Unter anderem soll der Unternehmer die Tesla-Wallbox darin als veraltet bezeichnet und seine eigene als eichrechtskonforme Alternative angepriesen haben. Darauf habe Tesla mit Post von Anwälten an Wirelane reagiert, berichtet das Handelsblatt weiter: Seine Aussagen seien verkürzt und geeignet, „die Ware und die geschäftlichen Verhältnisse von Tesla zu verunglimpfen und herabzusetzen“. Die geforderte Unterlassungserklärung habe Schwaab aber nicht abgegeben – was er geschrieben habe, sei korrekt, sagte er der Zeitung.
Deutsche Duldung für Destination Charger?
Weil Tesla bereits angedroht haben soll, vor Gericht zu gehen, wenn die Erklärung ausbleibt, dürfte von dem Eichrecht-Streit bald wieder zu hören sein.

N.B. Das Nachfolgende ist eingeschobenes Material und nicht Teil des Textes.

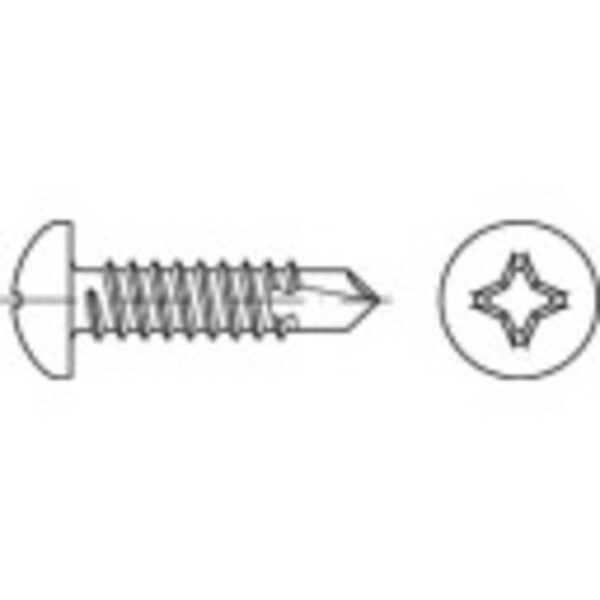 TOOLCRAFT TO-5441520 závrtná skrutka 4.8 mm 100 mm krížová dražka Philips ocel glavanizované zinkom 250 ks; TO-5441520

Unabhängig davon hat Schwaab Betreiber von Hotels und anderer Standorte vielleicht erst darauf aufmerksam gemacht, dass eine Umstellung ihrer Destination Charger auf nach Kilowattstunde bezahltes Laden rechtlich zumindest riskant wäre.

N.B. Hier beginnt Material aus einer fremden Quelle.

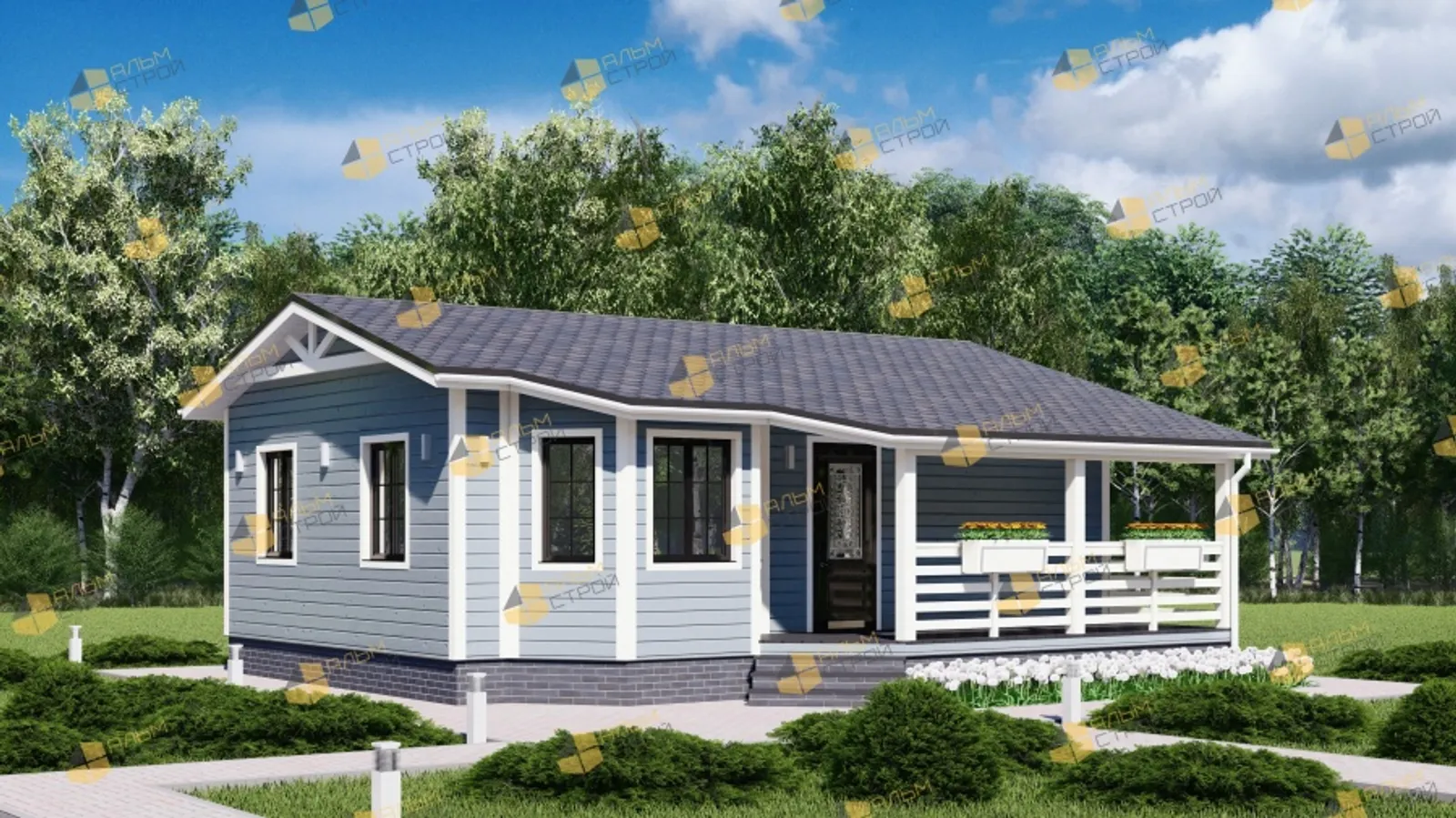 Одноэтажный коттедж Мечтатель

In den USA hat Tesla manchen von ihnen bereits angeboten, Strom aus ihren Wallboxen über die eigene App abzurechnen – offenbar sogar für Elektroautos anderer Marken. In Deutschland wäre das mangels Zähler am Wall Connector verboten. Wie Tesla mit seinen Superchargern könnte der Betreiber sich selbst anzeigen und dann auf eine Duldung durch die zuständigen Behörden hoffen. Die wird allerdings nur nach einer Einzelfall-Prüfung erteilt, bei der Infrastruktur-Ziele, aber auch Verbraucher-Schutz beachtet werden – und ein oder zwei Tesla-Wallboxen in einem Hotel würde sich eine Behörde wohl eher zu verbieten trauen als einen ganzen Supercharger-Standort.